Quienes saben de salud animal aseguran que Colombia debe potenciar con celeridad su sector ganadero porque en materia de oferta cárnica hay un déficit considerable si se tiene en cuenta la demanda creciente de proteína vacuna. Todo lo anterior apunta a que los ganaderos deben adoptar nuevos sistemas de producción y levante, pero básicamente en todo lo concerniente al ciclo reproductivo.

Diariolaeconomia.com, habló con el Gerente General de la americana de farmacia Merck Sharp & Dohme, MSD, salud animal Colombia y Ecuador, Rui Nobrega, quien sostuvo que la prevención de enfermedades será vital en el buen ejercicio económico de los hatos, en la rentabilidad y en el perentorio aumento de nacimientos que se hace más apremiante por la necesidad visible de carne en el mundo.
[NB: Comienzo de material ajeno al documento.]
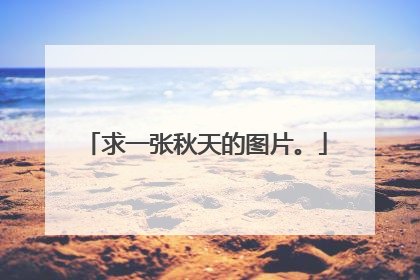 求一张秋天的图片。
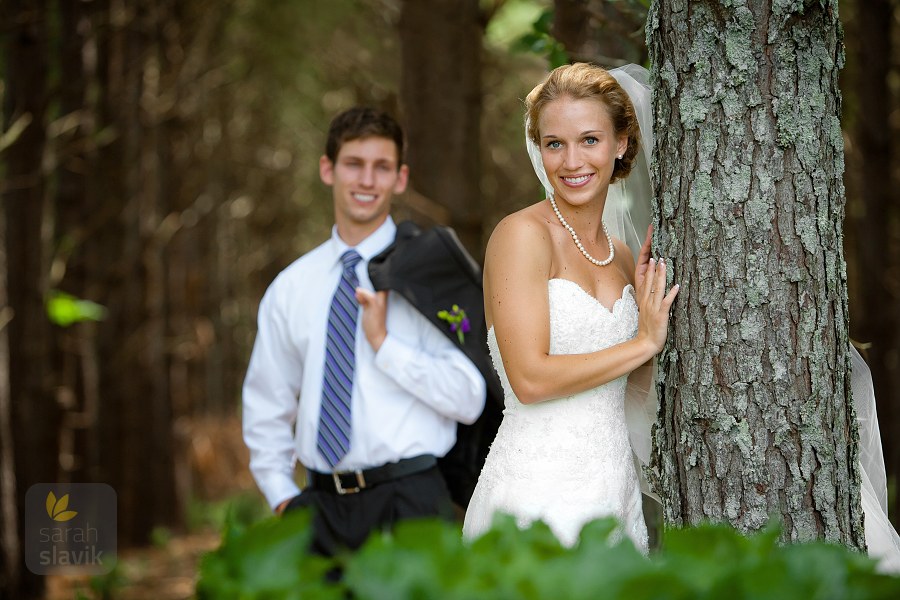 Bridal portrait outdoors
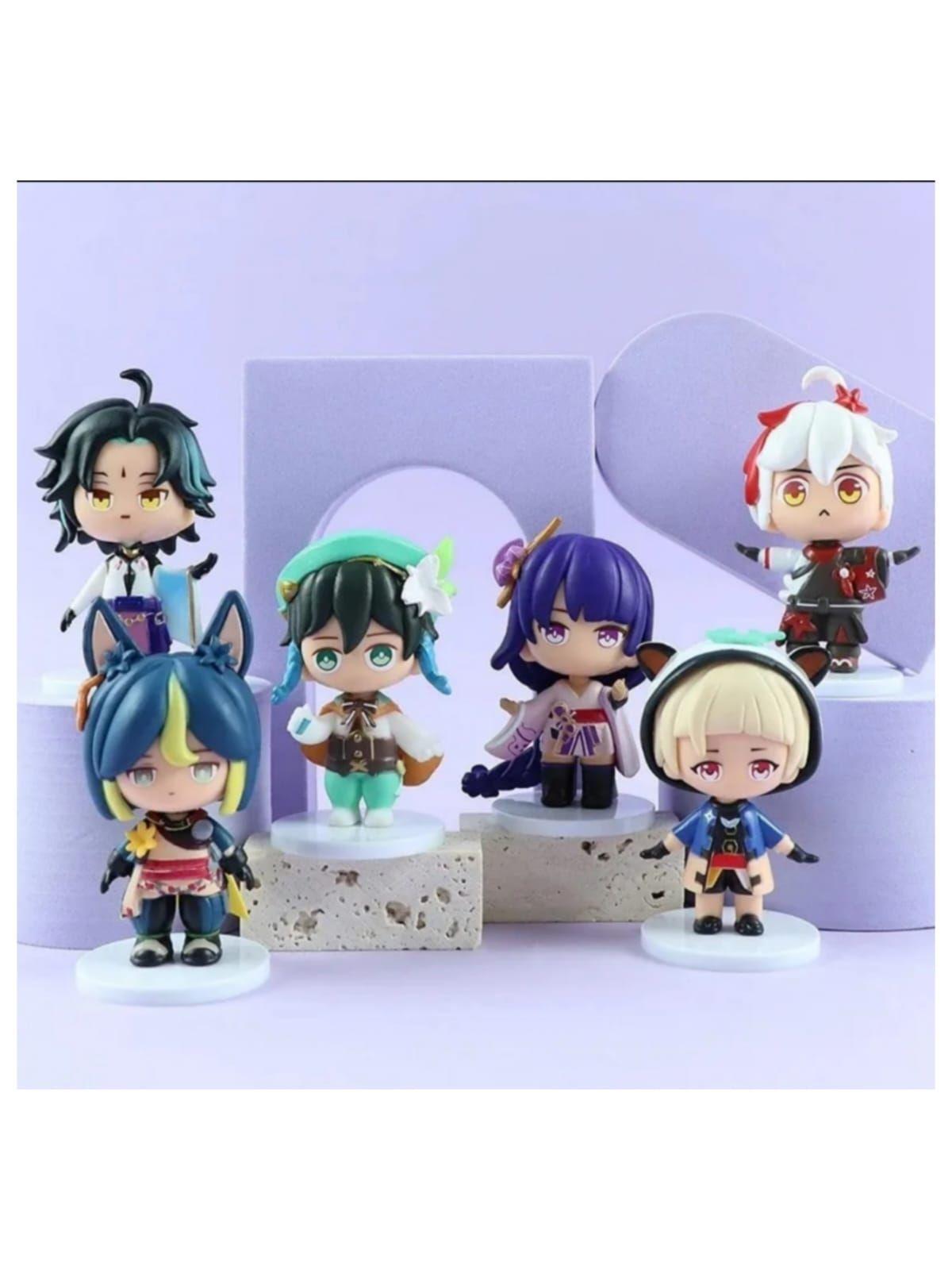 Figura Genshin Impact Caja Sorpresa Blind Box Azul-2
El experto comentó que la ganadería está llamada a mejorar sus indicadores pues en 2018 el sector generó ingresos por valor de 6.7 billones de pesos, básicamente por la puesta en los mercados de carne bovina lo cual representa el 1.6 por ciento del producto interno bruto, PIB. Agregó que la actividad ganadera tiene un alto impacto social habida cuenta que genera 926.000 empleos.

El año anterior Colombia produjo 772.501 toneladas de carne y unos 19 millones de litros de leche. Frente a esta realidad y tendencia la idea es que el sector ganadero aumente considerablemente la producción, amplíe sus exportaciones de ganado en pie, carne y leche con lo cual le dará mayor musculatura a la economía sectorial y a la riqueza del país sobre pilares de mejores ingresos.

“En MSD salud animal tenemos claro que somos un laboratorio muy comprometido con el desarrollo de Colombia y con el fortalecimiento de su sector agropecuario y es por eso que la marca sigue desarrollando estrategias transformadoras de educación científica para aumentar las tasas de reproducción bovina, desde luego haciendo hincapié en la prevención de enfermedades. En tal sentido, absolutamente todos los actores de la cadena productiva deben estar involucrados en el ciclo reproductivo de los animales, igual deben estar muy enterados de prevención, inclusive desde antes de la concepción del embrión hasta la siguiente reproducción para incrementar la tasa de neonatos sanos y con ello mejorar los ingresos del sector”, declaró el señor Nobrega.

Para el directivo, en la ganadería colombiana hay grandes retos, pero igual enormes oportunidades y es por eso que la firma sigue importando las mejores opciones científicas en reproducción bovina. Expuso que en gestación de ganado hay dos pilares determinantes en mayor productividad y tienen que ver con la prevención y el cumplimiento estricto de los protocolos reproductivos los cuales deben apoyados en biotecnología, un tema esencial para mejorar la ganadería de Colombia.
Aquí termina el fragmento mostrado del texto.